Interstate 40 runs through Winslow; the Business route is the historic U.S. Route 66.

==Notable people==
- Erika Alexander, actress
- Brad Carson, former U.S. Under Secretary of the Army and congressman
- William A. Conant (1816–1909), merchant, politician, and railroad agent. Worked as a railroad agent in Winslow
- Bill Engvall, comedian (not born there; resided there in the early 70s)
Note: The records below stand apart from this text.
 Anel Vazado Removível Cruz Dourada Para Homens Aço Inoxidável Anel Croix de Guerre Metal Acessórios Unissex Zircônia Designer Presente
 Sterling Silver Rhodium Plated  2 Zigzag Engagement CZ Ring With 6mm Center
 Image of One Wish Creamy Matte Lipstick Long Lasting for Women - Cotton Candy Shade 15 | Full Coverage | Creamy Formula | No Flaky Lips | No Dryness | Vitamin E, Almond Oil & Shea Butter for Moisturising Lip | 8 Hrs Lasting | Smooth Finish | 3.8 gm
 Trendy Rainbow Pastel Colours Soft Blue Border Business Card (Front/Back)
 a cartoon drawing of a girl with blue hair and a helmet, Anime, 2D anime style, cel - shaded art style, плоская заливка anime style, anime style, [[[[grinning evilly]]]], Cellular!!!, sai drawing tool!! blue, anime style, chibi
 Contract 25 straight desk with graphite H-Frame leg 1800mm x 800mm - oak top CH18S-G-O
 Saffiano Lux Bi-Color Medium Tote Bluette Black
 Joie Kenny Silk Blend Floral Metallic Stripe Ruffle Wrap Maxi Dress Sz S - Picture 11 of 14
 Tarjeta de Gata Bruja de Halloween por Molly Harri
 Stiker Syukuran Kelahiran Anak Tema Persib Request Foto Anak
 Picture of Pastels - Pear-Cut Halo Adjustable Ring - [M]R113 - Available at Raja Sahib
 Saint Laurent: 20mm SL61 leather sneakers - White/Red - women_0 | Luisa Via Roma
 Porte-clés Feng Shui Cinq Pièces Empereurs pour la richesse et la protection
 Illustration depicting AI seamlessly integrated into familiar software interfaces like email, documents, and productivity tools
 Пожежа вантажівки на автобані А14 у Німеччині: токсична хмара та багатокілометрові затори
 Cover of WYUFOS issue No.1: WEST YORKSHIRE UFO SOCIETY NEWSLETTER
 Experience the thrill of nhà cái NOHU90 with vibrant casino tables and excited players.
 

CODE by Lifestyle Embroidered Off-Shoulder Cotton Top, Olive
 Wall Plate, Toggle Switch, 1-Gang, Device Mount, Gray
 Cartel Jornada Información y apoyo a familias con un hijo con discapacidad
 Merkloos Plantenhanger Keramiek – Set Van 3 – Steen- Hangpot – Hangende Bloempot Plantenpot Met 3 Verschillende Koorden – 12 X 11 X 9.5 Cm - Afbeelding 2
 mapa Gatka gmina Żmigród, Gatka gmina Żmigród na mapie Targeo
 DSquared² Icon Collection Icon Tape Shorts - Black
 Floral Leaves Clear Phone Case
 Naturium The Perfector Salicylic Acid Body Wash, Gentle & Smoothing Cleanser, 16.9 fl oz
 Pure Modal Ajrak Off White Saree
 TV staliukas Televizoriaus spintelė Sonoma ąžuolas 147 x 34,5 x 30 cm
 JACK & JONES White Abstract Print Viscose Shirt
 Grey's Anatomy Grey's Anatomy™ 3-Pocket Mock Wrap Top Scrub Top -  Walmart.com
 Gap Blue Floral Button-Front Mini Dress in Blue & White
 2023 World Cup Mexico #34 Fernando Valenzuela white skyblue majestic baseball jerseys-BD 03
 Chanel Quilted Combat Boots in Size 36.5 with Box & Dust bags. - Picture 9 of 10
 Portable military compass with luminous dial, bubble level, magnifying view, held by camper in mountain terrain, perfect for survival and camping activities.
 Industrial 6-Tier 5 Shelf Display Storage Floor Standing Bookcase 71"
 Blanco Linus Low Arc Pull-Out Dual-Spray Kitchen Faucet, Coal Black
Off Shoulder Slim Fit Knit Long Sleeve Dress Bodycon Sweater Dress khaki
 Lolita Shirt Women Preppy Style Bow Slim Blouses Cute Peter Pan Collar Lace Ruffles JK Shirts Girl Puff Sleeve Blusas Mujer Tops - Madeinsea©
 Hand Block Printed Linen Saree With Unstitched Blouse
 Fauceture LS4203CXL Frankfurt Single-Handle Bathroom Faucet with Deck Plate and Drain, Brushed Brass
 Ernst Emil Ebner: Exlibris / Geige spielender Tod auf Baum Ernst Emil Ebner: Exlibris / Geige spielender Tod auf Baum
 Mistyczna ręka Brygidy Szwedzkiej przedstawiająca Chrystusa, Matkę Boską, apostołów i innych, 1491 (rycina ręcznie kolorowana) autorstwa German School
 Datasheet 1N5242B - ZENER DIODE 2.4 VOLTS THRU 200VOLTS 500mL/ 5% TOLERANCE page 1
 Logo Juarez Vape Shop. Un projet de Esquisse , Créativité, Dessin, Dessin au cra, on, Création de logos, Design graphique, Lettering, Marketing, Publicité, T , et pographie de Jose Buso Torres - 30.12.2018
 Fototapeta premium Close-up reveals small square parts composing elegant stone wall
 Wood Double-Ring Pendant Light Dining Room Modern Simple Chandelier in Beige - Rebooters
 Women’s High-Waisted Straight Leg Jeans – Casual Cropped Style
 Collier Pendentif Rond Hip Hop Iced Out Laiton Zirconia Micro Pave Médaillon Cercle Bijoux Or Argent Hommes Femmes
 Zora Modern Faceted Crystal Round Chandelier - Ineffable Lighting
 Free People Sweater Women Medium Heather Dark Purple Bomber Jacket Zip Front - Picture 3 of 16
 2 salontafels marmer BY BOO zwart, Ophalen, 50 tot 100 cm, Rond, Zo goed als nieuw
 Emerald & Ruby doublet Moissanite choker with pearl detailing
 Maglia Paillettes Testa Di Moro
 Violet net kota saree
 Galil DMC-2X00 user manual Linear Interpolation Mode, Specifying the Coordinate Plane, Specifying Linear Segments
- Deb Haaland, First Native American woman elected to congress. 54th United States Secretary of the Interior
- Michael Daly Hawkins, U.S. Attorney for Arizona; U.S. Circuit Judge 9th Circuit
- Nick Hysong, gold medalist in pole vault at the 2000 Summer Olympic Games
- Richard Kleindienst, United States Attorney General under Richard Nixon
- Vernon Lattin (born 1938), president of Brooklyn College
- Paul M. Lally Producer/Director/Writer "Mister Rogers' Neighborhood" (not born there; resided late 50s)
- Tina Mion, artist
- Tommy Singer, a Navajo silversmith who specialized in chip-inlay jewelry
- Jay R. Vargas, Medal of Honor recipient during the Vietnam War

==In popular culture==
Winslow was mentioned in the 1972 Eagles song "Take It Easy".